Monday, January 18, 2010

Martin Luther King, Jr... Nearly 50 Years Later

Of course, we remember this...



But do we remember this?



Simon Balto explains this at LA Progressive.

King’s willingness to embrace changes and evolutions in his political and moral thought, the global lens through which he viewed the problems of the poor and oppressed, and the tenacity with which he inserted justice and morality into American political and social discourses serve as powerful, yet often overlooked, components of his legacy. Without question, the traditional rendering of King—the one that will be recalled this MLK Day in schools, churches, community forums and political rallies across the country—is important, poignant, and powerful.

Yet, at best, it’s only half the story, and it disingenuously smoothes the rough edges of both King’s politics and American social, political, and racial history. Today, when we commemorate King solely through lenses of national triumph and racial conciliation, and portray, for example, Barack Obama’s electoral success as the ultimate realization of the Reverend’s dream, we do so only by carefully selecting from both King’s personal and American national history.

In a modern context that devalues dissent and rubber-stamps it as unpatriotic and irrational, it’s important to remember that King wasn’t always considered the hero that we now commemorate, and much of that had to do with his contemporaries’ discomfort with his jarring criticisms of American society. In our reimaginings of 1960s America today, the collective forgetting of both the radical elements of King’s politics and society’s general animosity toward them is perhaps explained by the fact that many of those problems that he critiqued have only worsened since his murder; and if there’s one thing that most American political and social discourses don’t make much room for, it’s our national mistakes and flaws.

Though it’s easy to celebrate the accomplishments that King saw through to some sort of tangible completion, it is less comfortable to reckon with those that he couldn’t fix and that remain unrepaired. The wealth gap in the United States is more staggering than ever. The commitment of budgetary resources to military and defense spending dwarfs—and worse, robs from—spending on human welfare and social justice. The reactionary invasions leading to the disasters in Iraq and Afghanistan (and Iran? Pakistan? Yemen?) are proof of the persistence of militarist and imperialist American impulses. And despite claims of postracialism, we have plenty of daily reminders that racism still exists, even if, scientifically speaking, race does not.

Yep, yep, yep. It's easy to just embrace the contemporary caricature of MLK as a "civil rights icon", and just as easy to forget all of what this person and so many social justice activists of the movement were working for.

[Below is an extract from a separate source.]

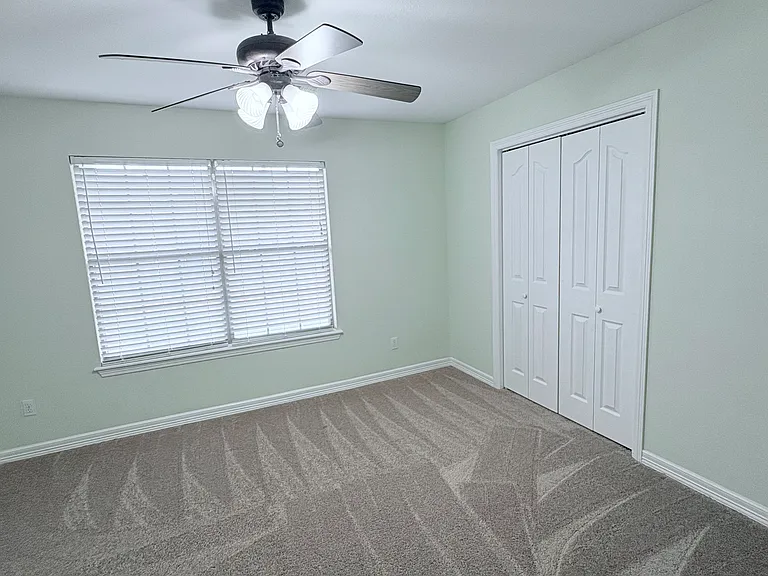 4389 E Holiday Dr — Photo 12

He spoke out against the war in Vietnam. He fought alongside union organizers. And of course, he paved the way for friends like Bayard Rustin to later build on earlier civil rights advances to push for LGBTQ equality.



And of course as we start this new decade, we have to ask just how much progress we've really made in the last 50 years. Sure, Barack Obama is now President. That isn't something to lightly dismiss. Still, there's so much that's yet to be done.

Racial inequality persists even to this day. Economic injustice still plagues this country. Discrimination against women and LGBTQ people still hurts us.

Yes, we've seen plenty of progress. However, there is also still so much work to be done.